GENEVA — As the tally of deaths from the worst known outbreak of the Ebola virus continued its seemingly inexorable rise, the World Health Organization said the epidemic was still accelerating and could afflict more than 20,000 people — almost seven times the current number of reported cases — before it could be brought under control.
Thursday’s forecast was made as the WHO said the number of known cases and fatalities had risen. The organization also said that in areas of intense transmission “the actual number of cases may be two to four times higher than that currently reported.”
According to the WHO’s latest figures, the death toll has risen by more than 100, to 1,552 out of 3,069 cases in four West African countries: Guinea, Liberia, Sierra Leone, and Nigeria, which had indicated its outbreak was under control. While the disease was identified in March, “more than 40 percent of the total number of cases have occurred within the past 21 days,” the WHO said. “However, most cases are concentrated in only a few localities.”

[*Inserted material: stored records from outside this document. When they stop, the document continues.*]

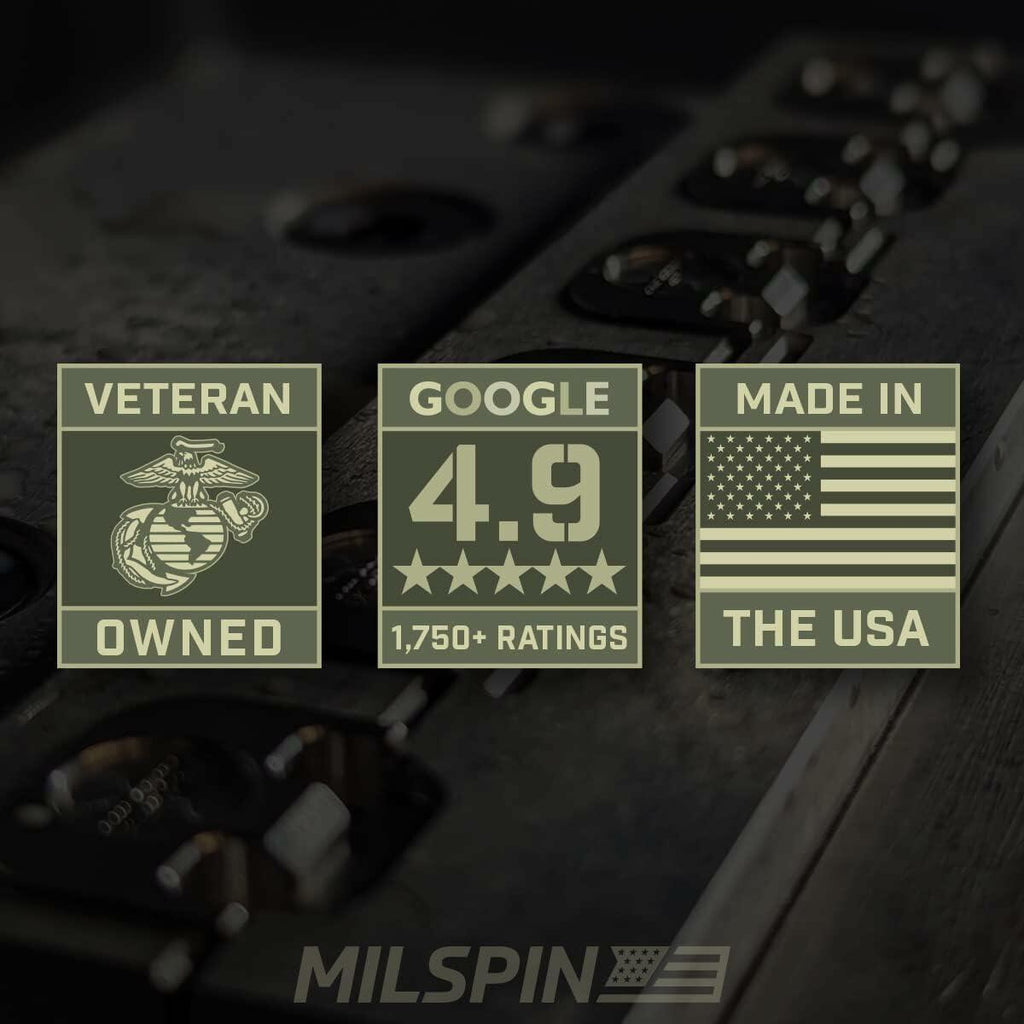 Milspin Glock Slide Back Plate American Flag CNC Stainless G43 G43X G48
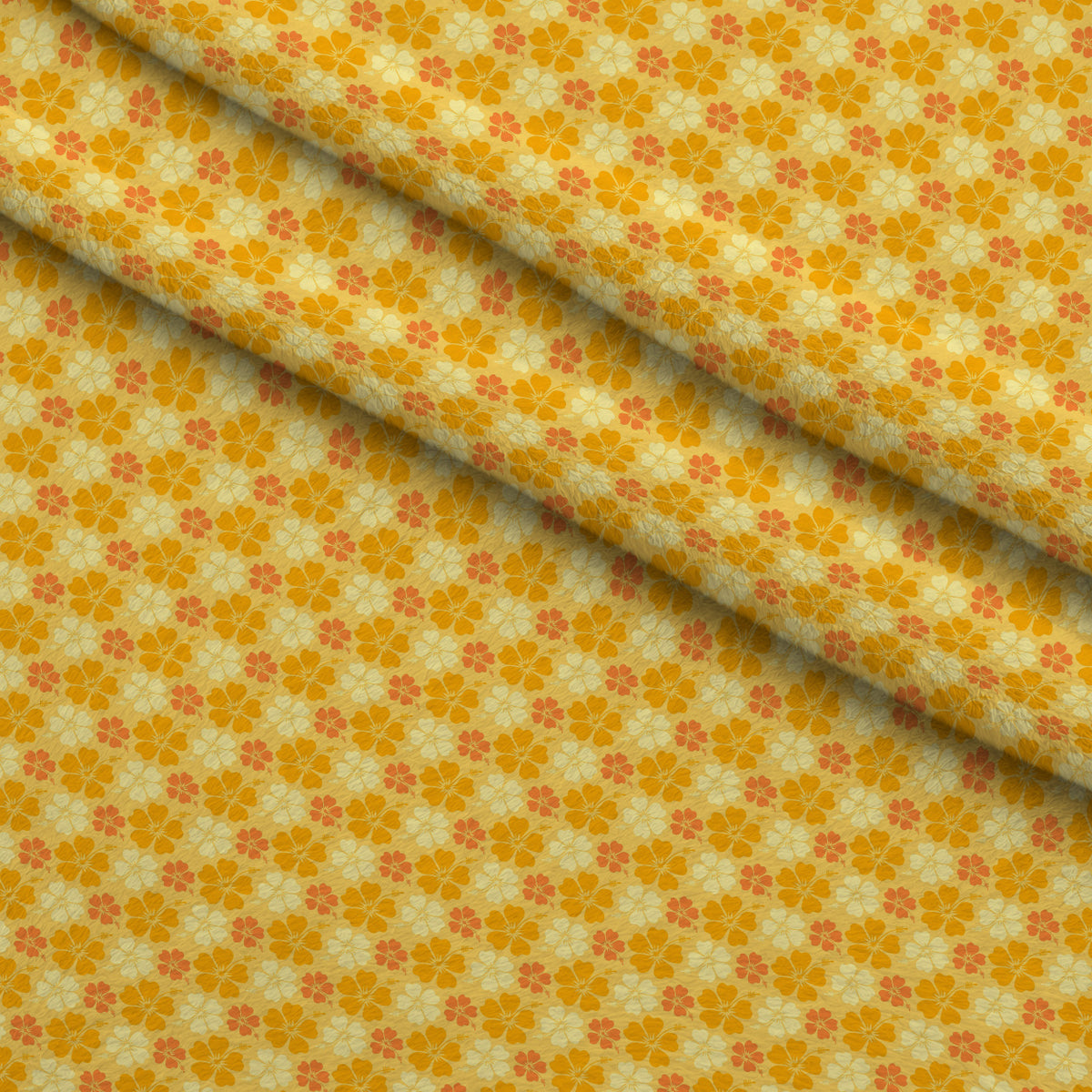 Tropical Shoreline Pattern 3 Minky Fabric — plush minky folded close-up preview (mv-minky-v1:lying)
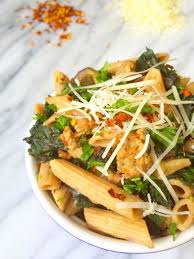 Sausage Eggplant And Kale Pasta The Lemon Bowl Recipe Kale Pasta Recipe Pasta Dishes Food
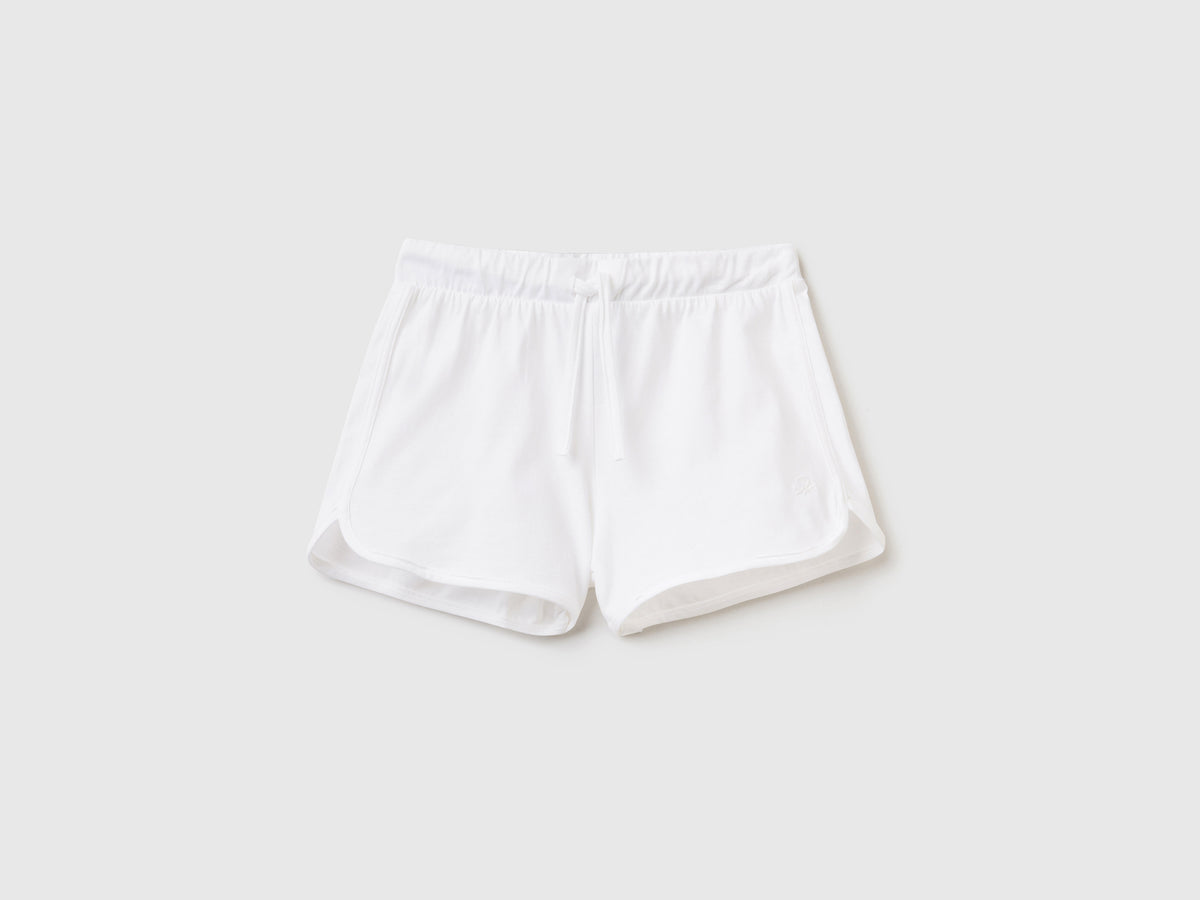 Shorts stile runner in cotone bio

The WHO presented a road map for affected countries and the international community that included strategies designed to deal with more than 20,000 cases. The plans are likely to cost nearly half a billion dollars over six months.
The goal is to stop transmission of the virus in the next eight to nine months, said Bruce Aylward, assistant director general of the health organization.
With many centers for treating the disease too full to take new patients, classic treatment strategies could no longer cope, and it was necessary to find and expand other approaches, the WHO said.
The road map assumes a number of countries that are not currently affected could become so. It asserts any new transmissions could be stopped within eight weeks of the first case being identified. Aylward acknowledged such speedy containment has been achieved only in remote areas, not crowded urban centers.
Tom Frieden, director of the US Centers for Disease Control and Prevention, warned the epidemic could get worse. He called for quicker international cooperation.